Last, but not the least, the summit seems to have set at rest concerns that the Obama Administration was seeking to outsource the solution of South Asian problems to China. This was the impression created by a joint Obama-Hu Jintao statement during Obama’s China trip. But President Obama made an unambiguous statement that his administration sees in India an emerging global player and an Asian leader and vowed to cooperate with India in maintaining peace and stability in Asia.

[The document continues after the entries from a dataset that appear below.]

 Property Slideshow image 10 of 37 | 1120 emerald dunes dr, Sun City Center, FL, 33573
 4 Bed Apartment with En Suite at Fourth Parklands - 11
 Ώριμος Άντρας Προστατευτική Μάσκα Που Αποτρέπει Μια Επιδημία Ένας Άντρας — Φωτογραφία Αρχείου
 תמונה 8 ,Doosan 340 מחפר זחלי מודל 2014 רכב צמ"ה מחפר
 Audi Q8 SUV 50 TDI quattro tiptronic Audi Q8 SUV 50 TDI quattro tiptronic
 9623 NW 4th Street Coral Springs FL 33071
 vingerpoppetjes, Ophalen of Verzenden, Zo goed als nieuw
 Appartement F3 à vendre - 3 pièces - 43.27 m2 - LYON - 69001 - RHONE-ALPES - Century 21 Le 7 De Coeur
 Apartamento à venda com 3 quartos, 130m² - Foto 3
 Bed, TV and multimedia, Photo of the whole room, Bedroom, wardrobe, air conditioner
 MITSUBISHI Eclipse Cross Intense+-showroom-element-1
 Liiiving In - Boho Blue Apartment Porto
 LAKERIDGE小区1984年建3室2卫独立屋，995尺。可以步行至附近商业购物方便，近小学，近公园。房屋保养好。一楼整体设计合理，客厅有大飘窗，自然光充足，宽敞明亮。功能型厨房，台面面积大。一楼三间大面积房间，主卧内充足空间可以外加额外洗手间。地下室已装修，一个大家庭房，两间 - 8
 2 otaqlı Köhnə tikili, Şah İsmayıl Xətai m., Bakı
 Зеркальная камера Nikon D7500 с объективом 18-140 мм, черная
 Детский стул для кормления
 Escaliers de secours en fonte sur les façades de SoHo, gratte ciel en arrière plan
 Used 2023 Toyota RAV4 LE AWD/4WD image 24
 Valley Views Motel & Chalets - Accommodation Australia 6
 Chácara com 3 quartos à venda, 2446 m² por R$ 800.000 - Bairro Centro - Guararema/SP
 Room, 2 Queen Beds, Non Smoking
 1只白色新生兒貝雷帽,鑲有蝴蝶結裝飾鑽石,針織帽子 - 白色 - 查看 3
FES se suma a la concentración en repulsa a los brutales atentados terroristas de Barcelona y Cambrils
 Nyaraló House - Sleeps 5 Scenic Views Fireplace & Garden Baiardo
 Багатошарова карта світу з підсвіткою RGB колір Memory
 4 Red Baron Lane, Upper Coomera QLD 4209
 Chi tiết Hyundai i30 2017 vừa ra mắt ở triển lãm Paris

The Obama administration’s earlier statements on Kashmir and its attempt to bracket India with Afghanistan and Pakistan and the statement in China did produce certain disquiet and concern in India. But the Obama-Singh summit appears to have removed these misunderstandings, if any.

Conclusion

The first year of the Clinton Administration had also brought no good news for India. American official statements on Kashmir, delay in receiving the credential from the Indian ambassador, activities of the non-proliferation lobby and invocation of Special and Super 301 clauses against India did not augur well for India-US relations. Though the eight years of the Clinton Administration witnessed new heights and a new abyss in bilateral relations, it ended with a new architecture of relationship.

Clinton’s successor, George W. Bush, gave a proper shape to this architecture. The very first year of the Bush Administration provided adequate evidence to suggest that a new paradigm of bilateral ties would be in place. After consistent improvement in India-US relations during the eight years of Bush Administration, the early months of Obama Administration proved disappointing and raised concerns about a possible return to the bad old days of the relationship. But before the end of the first year, President Obama gave enough hints that the new paradigm of Indo-US relations is here to stay.